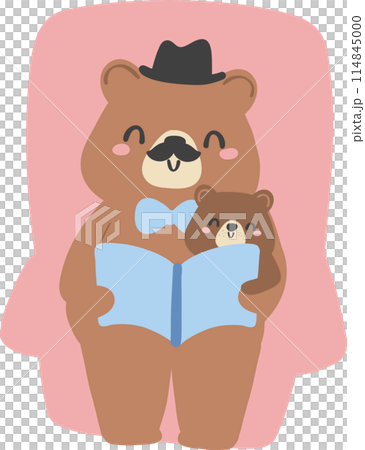Retro fathers day bear with baby bear, showcasing a heartwarming moment between parent and child. 114845000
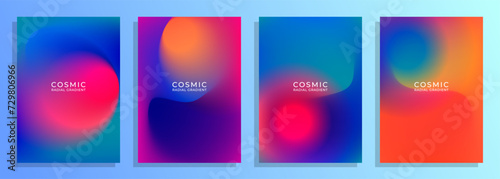 set of abstract cosmic space radial gradient cover poster background design.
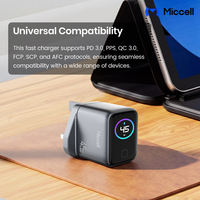 Chargeur rapide Miccell Type C 45W GaN USB C, chargeurs de téléphone avec prise UK, écran d'affichage de charge TFT, adaptateur universel haute vitesse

■ **Assigned task**: Leaving every picture aside, repeat the listing exactly.

■ **Response to the task**:
Retro fathers day bear with baby bear, showcasing a heartwarming moment between parent and child. 114845000
 set of abstract cosmic space radial gradient cover poster background design.
 Chargeur rapide Miccell Type C 45W GaN USB C, chargeurs de téléphone avec prise UK, écran d'affichage de charge TFT, adaptateur universel haute vitesse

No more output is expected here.